* [EXERCISE AIM]:
Without including any images, repeat the data exactly.

* [STUDY MATERIAL]:

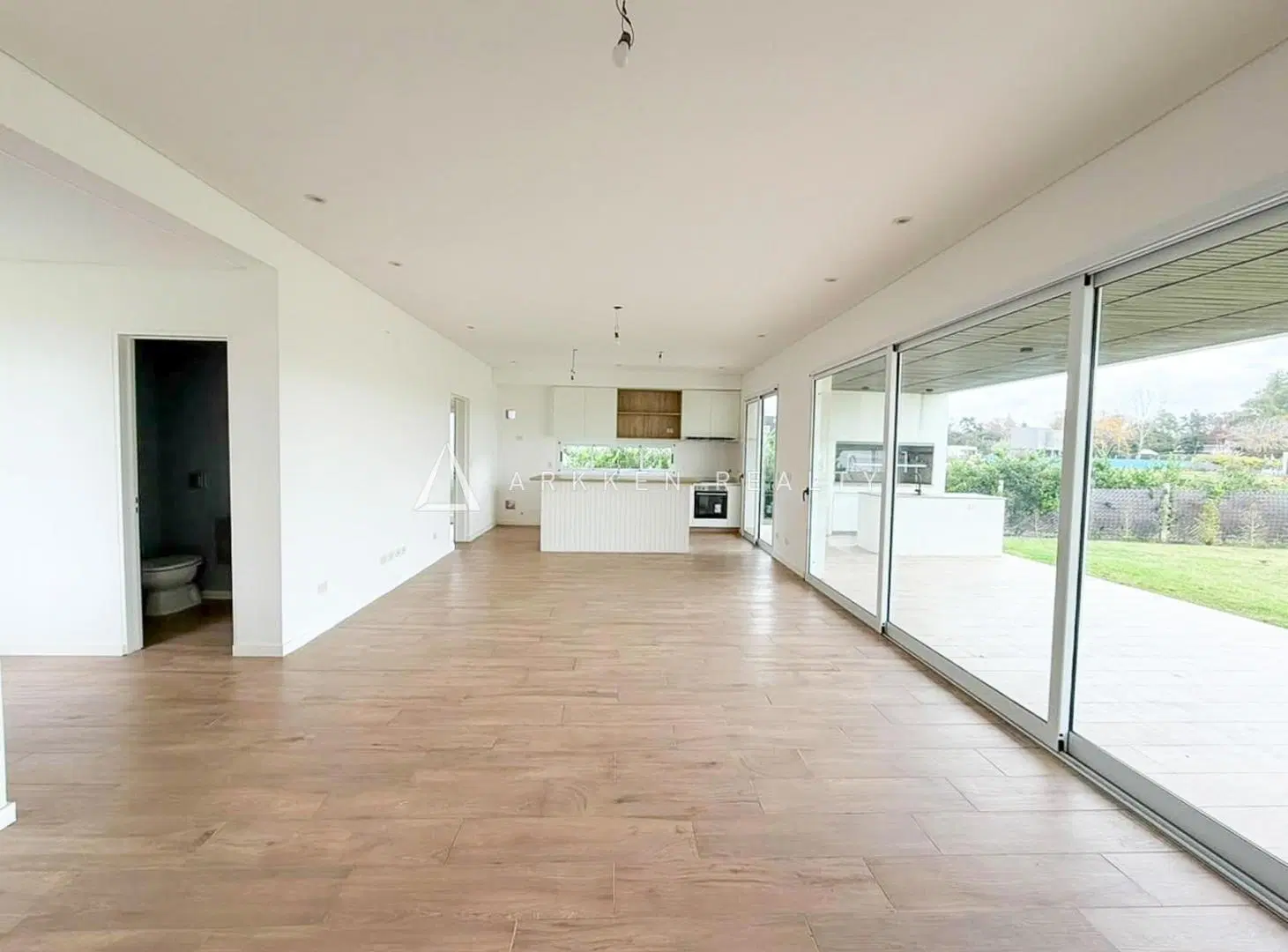 Casa en Venta Barrio Santa Lucía Pilar del Este 2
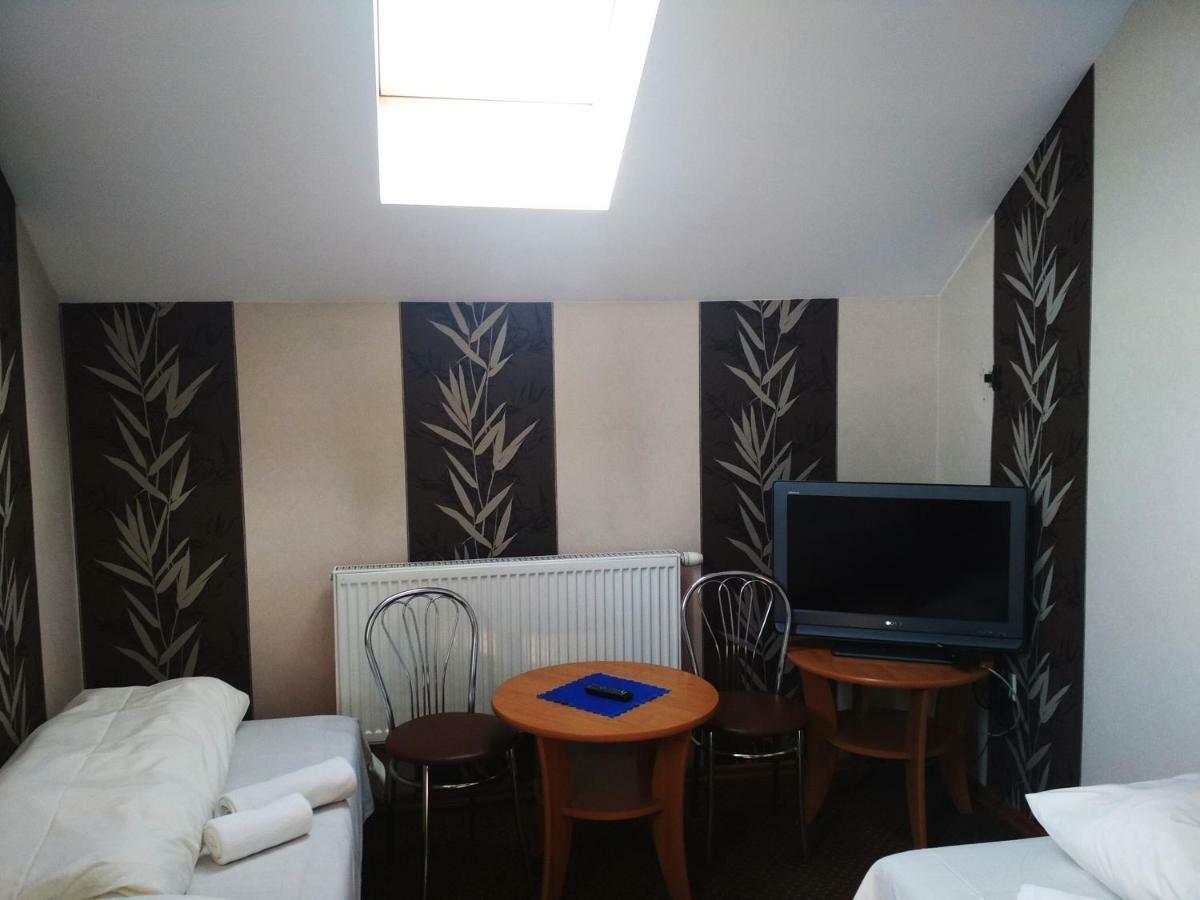 Sawik Dziekanowice Motel Lednogora Екстериор снимка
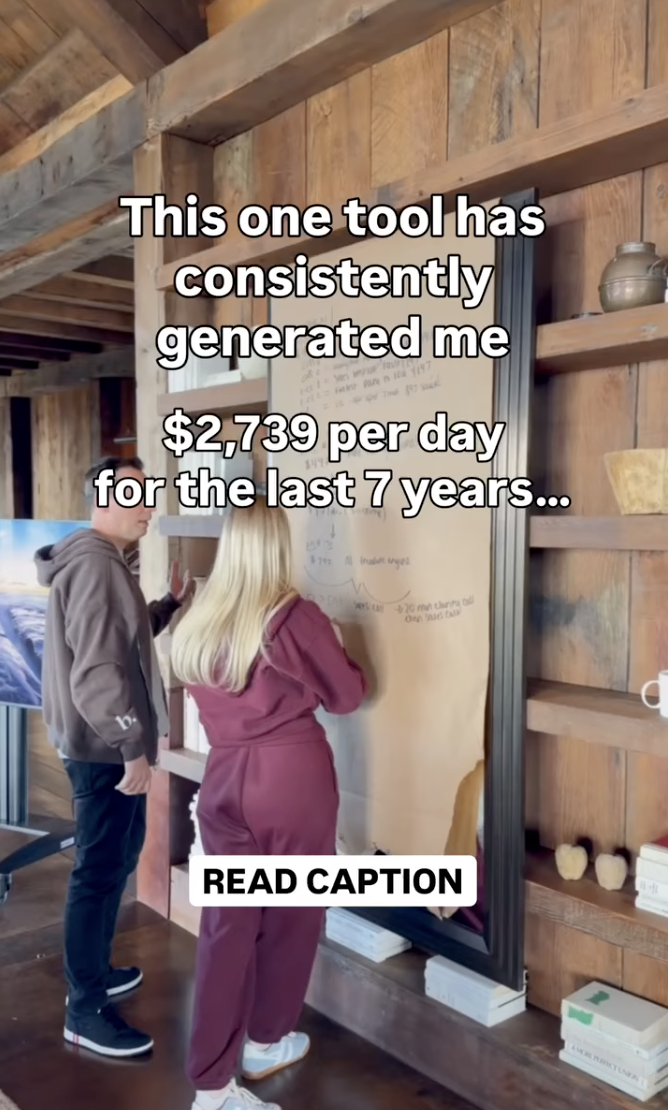 bossbabe Facebook ad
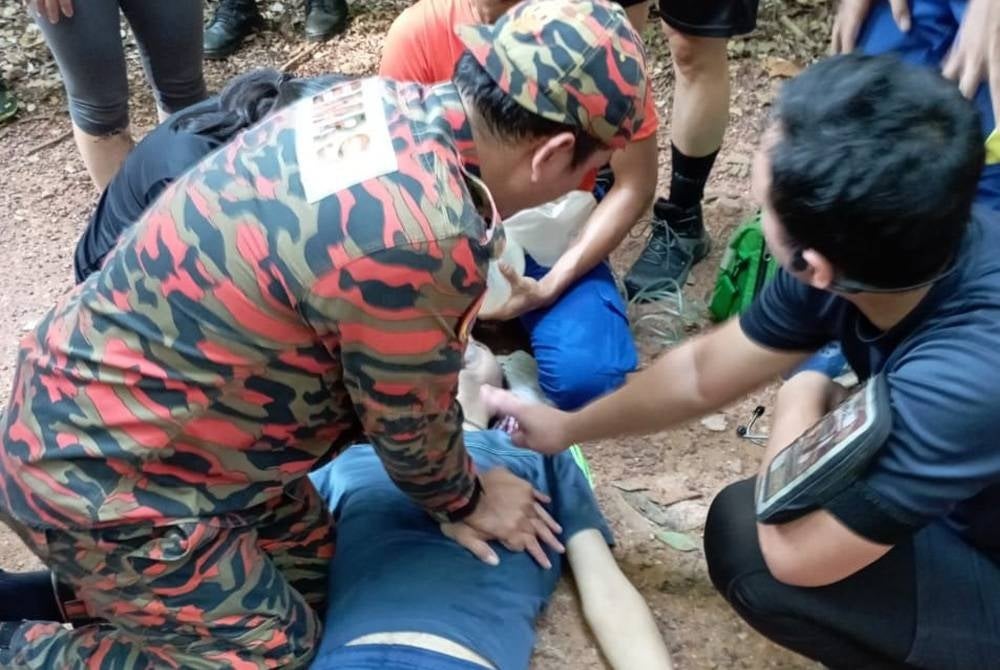 Anggota bomba memberikan rawatan kecemasan kepada mangsa. - Foto Bomba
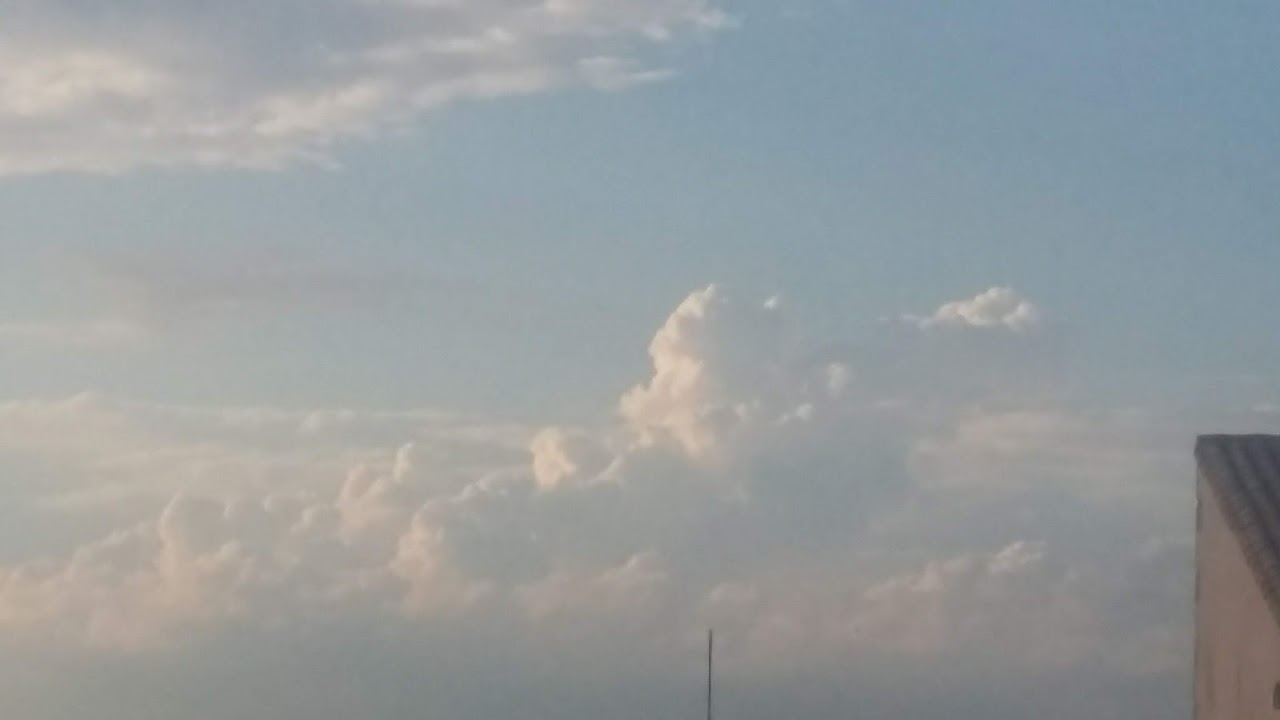 	 PHOTOS DU CIEL NUAGEUX ORAGEUX DIVERS
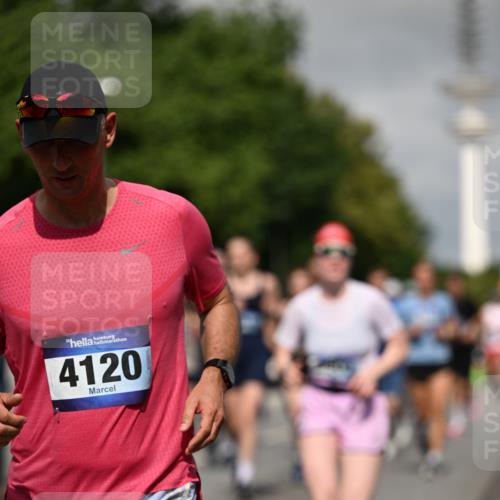 29.06.2025 - hella hamburg halbmarathon Dr. Thomas Lammeyer http://msf.ph/oto/8516579 29.06.2025 10:03:28 Kennedybrücke 1319, 1366, 1506, 1595, 1914, 1955, 2282, 2364, 2391, 2432, 2630, 3279, 3668, 3836, 4120, 4426, 4467, 4837, 5277, 5299, 5457, 5458, 5465, 5866, 6416, 7033, 7037, 7395, 7547, 7833, 8330, 8509, 8542, 8652, 8929, 9142, 9488, 9903, 9907, 9922, 9984, 10020, 10518, 10519, 11039, 11041 meine-sportfotos.de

* [ANSWER SECTION]:
 Casa en Venta Barrio Santa Lucía Pilar del Este 2
 Sawik Dziekanowice Motel Lednogora Екстериор снимка
 bossbabe Facebook ad
 Anggota bomba memberikan rawatan kecemasan kepada mangsa. - Foto Bomba
 	 PHOTOS DU CIEL NUAGEUX ORAGEUX DIVERS
 29.06.2025 - hella hamburg halbmarathon Dr. Thomas Lammeyer http://msf.ph/oto/8516579 29.06.2025 10:03:28 Kennedybrücke 1319, 1366, 1506, 1595, 1914, 1955, 2282, 2364, 2391, 2432, 2630, 3279, 3668, 3836, 4120, 4426, 4467, 4837, 5277, 5299, 5457, 5458, 5465, 5866, 6416, 7033, 7037, 7395, 7547, 7833, 8330, 8509, 8542, 8652, 8929, 9142, 9488, 9903, 9907, 9922, 9984, 10020, 10518, 10519, 11039, 11041 meine-sportfotos.de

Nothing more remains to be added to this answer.